There are still questions I have. Will inflation follow a recession and will we be any better off? Will we learn from the lessons of greed and impatience or will we look for a new Ponzi scheme? Is it possible to have a consistent ethic in times like these? (Capitalism corrects itself. Hard work and patience outlive greed and impatience. Pigs get fed, but hogs get slaughtered. Bad performance should not get rewarded.) Or are we in uncharted waters? Does the immediacy and severity of the present crisis cause us to abandon old ideas or should we take a deep breath and remember who we are and were and hopefully will be as an American people?

 

I have no answers – only questions. Inevitably I will get more responses to a blog like this than any others I do. These responses will especially come from those who feel I have eased over into their areas of expertise and spoken in ignorance. I know those are coming, but I have a feeling. I think that there a lot of other people who are as frustrated and confused as I am.

 

There is a blog that is floating about in cyber space. It seems that a preacher has been preaching about tithing for months now. Recently he compared non-tithers to Bernie Madoff. He said that those who came to church in cars but did not tithe had bought those cars with God’s money. It made them no better than thieves.

 

It seems that Wall Street is not the only place struggling with a consistent ethic. Such sermons are despicable and manipulative. As the story goes, a little girl asked dad if they could go to another church. She was tired of hearing about money. She wanted to hear about Jesus.

 

Our giving has improved of late. We are cutting back where we need to and being carefully optimistic, but God is meeting our needs. We are not where we need to be, but we are a lot better off than we were in January. I am an optimist. I think that things are turning.

 

Five of my senior adults told me that my sermons on the cross are the best I have ever preached.
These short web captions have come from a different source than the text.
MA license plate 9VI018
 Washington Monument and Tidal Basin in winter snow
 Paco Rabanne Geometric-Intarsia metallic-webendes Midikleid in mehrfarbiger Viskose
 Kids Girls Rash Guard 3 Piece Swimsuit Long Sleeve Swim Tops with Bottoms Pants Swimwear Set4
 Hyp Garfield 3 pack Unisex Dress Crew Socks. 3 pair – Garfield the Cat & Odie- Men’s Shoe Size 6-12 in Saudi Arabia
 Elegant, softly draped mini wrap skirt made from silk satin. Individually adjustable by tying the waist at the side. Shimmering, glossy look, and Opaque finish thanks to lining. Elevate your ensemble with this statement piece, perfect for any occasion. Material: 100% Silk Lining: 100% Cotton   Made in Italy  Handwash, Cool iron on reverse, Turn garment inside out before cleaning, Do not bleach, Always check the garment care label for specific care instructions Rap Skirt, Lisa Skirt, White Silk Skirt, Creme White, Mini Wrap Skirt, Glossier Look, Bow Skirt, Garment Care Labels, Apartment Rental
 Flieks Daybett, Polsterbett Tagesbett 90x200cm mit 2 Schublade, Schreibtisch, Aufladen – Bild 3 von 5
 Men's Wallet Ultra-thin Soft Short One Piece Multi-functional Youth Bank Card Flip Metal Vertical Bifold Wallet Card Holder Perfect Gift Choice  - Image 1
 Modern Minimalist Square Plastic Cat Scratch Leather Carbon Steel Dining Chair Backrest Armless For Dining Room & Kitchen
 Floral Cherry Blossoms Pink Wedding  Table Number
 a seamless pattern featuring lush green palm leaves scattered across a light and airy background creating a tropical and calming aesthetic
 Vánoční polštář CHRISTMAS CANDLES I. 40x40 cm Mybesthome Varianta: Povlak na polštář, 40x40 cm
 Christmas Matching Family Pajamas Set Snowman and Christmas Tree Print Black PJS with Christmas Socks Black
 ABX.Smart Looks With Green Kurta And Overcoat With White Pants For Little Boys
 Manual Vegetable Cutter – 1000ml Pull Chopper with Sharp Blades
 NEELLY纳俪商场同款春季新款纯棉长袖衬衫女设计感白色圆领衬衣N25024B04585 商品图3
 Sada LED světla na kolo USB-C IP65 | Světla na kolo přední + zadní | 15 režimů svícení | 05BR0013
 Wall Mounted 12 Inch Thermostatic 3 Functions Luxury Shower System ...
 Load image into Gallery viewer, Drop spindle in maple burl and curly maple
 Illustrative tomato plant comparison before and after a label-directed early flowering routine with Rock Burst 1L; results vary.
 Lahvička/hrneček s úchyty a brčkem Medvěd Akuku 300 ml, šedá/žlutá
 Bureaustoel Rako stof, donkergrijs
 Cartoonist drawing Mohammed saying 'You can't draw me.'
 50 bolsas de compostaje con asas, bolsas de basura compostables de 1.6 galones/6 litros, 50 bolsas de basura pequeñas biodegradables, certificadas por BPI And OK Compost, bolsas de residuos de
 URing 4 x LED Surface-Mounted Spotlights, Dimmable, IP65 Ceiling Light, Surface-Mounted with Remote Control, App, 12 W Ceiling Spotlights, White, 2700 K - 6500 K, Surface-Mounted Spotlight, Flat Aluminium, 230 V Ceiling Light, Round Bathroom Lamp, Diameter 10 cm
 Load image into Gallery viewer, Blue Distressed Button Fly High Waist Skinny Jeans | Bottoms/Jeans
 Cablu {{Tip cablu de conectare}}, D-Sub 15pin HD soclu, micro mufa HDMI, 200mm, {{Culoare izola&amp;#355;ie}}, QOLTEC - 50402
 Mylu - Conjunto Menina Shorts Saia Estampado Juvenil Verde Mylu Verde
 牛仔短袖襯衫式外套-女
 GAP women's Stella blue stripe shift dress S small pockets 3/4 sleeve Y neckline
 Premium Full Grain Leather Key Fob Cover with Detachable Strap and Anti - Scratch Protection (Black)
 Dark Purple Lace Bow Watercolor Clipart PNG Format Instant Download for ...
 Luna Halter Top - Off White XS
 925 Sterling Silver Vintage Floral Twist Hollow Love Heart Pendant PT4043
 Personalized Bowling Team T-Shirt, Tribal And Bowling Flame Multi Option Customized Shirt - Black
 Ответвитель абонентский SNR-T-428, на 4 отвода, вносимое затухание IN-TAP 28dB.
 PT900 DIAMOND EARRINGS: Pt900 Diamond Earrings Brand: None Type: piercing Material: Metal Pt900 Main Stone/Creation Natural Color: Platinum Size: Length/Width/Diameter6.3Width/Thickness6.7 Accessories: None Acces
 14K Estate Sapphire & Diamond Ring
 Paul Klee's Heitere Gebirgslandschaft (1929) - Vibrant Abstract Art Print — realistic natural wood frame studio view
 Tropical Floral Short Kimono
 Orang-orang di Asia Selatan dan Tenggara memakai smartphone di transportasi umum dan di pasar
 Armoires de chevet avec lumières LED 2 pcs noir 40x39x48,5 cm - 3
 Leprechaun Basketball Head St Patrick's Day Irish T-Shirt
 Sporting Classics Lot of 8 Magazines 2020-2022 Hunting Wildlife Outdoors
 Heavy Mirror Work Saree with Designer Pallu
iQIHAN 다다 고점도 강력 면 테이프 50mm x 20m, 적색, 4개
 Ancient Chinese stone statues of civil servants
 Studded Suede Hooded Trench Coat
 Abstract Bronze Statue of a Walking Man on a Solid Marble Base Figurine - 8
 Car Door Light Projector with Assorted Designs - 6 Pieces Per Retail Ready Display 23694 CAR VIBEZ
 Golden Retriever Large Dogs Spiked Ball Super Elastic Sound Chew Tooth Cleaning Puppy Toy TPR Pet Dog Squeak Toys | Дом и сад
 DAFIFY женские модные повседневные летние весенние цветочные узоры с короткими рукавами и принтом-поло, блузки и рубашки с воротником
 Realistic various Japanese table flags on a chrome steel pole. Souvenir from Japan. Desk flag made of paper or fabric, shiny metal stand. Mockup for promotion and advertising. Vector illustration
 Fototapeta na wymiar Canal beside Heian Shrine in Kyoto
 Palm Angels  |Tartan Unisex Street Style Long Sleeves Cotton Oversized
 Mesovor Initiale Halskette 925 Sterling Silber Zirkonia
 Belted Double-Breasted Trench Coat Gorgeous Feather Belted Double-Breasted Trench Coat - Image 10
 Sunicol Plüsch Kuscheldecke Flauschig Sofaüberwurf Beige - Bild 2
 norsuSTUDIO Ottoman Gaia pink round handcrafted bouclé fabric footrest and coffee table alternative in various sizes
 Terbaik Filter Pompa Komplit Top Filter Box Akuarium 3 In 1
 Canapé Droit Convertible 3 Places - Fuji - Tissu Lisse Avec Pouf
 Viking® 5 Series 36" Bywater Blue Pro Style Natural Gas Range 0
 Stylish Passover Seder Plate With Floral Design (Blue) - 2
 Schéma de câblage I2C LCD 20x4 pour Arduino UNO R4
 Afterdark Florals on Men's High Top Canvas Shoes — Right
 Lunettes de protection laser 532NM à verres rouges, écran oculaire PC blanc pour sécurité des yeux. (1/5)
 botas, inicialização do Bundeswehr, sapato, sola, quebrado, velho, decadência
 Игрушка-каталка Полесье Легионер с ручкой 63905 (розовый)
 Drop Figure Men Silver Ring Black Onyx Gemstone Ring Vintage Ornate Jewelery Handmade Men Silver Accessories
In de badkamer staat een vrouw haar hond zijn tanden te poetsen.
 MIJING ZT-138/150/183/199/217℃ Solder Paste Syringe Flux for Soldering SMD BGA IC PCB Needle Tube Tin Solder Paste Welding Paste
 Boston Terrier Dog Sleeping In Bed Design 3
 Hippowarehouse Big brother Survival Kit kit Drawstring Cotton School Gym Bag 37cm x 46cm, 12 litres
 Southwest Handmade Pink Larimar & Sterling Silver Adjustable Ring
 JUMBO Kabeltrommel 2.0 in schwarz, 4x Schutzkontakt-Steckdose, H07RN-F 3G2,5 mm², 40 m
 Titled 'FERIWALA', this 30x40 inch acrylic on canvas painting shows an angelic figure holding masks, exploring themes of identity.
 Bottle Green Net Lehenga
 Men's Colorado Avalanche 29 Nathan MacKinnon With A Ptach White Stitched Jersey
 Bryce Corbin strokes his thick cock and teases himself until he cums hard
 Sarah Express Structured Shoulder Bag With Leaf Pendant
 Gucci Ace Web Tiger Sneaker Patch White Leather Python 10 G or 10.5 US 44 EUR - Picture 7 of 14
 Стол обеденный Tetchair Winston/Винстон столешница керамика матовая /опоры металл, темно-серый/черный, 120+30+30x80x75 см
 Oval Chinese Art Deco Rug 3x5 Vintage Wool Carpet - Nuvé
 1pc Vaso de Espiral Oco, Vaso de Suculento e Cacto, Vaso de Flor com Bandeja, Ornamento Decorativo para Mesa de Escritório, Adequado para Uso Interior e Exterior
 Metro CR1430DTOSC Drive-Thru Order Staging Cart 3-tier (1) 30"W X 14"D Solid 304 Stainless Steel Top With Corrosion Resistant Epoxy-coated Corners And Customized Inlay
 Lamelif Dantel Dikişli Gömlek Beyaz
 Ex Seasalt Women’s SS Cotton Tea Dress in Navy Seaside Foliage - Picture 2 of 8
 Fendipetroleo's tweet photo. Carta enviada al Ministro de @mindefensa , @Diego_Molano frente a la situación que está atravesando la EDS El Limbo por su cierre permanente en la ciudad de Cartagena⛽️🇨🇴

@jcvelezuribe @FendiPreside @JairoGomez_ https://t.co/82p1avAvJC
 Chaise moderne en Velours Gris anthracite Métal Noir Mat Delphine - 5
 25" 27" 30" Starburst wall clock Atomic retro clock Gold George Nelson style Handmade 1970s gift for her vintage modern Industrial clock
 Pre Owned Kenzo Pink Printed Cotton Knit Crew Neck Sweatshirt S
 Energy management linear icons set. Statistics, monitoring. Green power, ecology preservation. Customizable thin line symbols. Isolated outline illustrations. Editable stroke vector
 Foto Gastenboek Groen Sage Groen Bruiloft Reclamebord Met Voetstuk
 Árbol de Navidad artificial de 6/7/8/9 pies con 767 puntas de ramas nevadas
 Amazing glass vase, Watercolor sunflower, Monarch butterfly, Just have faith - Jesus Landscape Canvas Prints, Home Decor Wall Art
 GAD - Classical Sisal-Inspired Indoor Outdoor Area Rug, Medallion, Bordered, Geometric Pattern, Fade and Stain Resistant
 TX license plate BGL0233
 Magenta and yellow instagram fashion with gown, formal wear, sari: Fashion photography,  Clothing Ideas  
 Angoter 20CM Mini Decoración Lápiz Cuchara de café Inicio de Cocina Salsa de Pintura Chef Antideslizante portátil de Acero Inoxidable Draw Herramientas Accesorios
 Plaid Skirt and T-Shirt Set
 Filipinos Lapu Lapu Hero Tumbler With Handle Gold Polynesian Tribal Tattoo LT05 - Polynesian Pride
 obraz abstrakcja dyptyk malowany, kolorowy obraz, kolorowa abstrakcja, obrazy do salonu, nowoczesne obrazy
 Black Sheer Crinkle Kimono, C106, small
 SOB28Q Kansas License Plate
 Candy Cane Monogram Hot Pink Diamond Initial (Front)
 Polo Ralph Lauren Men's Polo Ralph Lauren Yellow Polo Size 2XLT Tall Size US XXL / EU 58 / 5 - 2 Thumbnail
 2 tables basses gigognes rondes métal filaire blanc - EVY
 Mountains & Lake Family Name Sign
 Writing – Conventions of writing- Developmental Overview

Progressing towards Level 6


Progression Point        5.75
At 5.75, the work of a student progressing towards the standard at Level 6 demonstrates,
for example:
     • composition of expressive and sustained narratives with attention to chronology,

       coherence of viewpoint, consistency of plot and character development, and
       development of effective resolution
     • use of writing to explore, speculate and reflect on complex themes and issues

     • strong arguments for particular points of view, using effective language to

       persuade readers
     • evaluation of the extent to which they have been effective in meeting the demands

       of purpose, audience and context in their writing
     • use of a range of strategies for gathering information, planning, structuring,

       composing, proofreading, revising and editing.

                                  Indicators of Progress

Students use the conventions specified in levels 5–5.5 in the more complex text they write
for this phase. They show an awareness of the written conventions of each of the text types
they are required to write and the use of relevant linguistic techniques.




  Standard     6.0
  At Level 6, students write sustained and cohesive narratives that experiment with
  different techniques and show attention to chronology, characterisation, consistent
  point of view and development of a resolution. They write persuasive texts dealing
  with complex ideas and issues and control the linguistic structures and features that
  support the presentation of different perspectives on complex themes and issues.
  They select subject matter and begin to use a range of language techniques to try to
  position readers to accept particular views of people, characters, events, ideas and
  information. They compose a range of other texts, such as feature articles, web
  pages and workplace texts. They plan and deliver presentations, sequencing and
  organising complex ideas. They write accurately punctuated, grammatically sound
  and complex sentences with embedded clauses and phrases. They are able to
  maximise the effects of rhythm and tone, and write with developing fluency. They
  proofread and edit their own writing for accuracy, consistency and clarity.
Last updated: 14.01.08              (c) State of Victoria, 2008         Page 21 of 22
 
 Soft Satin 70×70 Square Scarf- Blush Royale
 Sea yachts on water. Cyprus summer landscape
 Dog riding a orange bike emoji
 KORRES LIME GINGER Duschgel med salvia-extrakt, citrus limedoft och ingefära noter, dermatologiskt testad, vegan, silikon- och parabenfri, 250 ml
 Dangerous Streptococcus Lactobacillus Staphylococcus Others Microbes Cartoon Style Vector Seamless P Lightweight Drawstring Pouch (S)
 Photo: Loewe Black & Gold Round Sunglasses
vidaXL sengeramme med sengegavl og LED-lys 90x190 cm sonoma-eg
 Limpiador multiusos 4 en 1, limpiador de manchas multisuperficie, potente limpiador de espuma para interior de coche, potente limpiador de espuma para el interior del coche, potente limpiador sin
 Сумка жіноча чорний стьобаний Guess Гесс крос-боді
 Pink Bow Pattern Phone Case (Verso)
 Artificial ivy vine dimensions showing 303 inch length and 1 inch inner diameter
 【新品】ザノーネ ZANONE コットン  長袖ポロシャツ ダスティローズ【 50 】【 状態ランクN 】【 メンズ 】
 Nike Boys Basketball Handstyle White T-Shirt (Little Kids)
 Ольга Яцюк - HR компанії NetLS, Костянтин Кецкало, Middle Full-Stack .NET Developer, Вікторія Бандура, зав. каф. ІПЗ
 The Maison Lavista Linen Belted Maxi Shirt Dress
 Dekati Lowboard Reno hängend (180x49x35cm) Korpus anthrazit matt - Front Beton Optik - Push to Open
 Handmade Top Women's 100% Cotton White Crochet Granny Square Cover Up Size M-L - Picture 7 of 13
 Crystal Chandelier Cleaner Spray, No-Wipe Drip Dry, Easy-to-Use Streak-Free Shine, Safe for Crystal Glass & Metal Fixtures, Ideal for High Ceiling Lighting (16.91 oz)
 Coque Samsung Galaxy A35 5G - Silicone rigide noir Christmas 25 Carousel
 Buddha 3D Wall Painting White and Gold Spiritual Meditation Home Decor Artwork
I give credit to the cross and Jesus and the power of the Bible and not my ability.

 

Isn’t that funny? We haven’t preached about money, but giving is better. One Sunday night in February our congregation got together, had beans and cornbread and talked about the reality of where we were as a church, and they have responded.

 

I’ve made them a promise. I will not let the crisis of the moment change who our church is. I will try no gimmicks. I will definitely not manipulate them or compare them to criminals. No matter how bad it gets, that is just wrong. My promise to them is this: I will continue to preach Christ and Him crucified.

 

Would you consider me naive if I told you that I believe everything is going to be all right?

 

Ed Hogan is pastor of Jersey Village Baptist Church in Houston, Texas.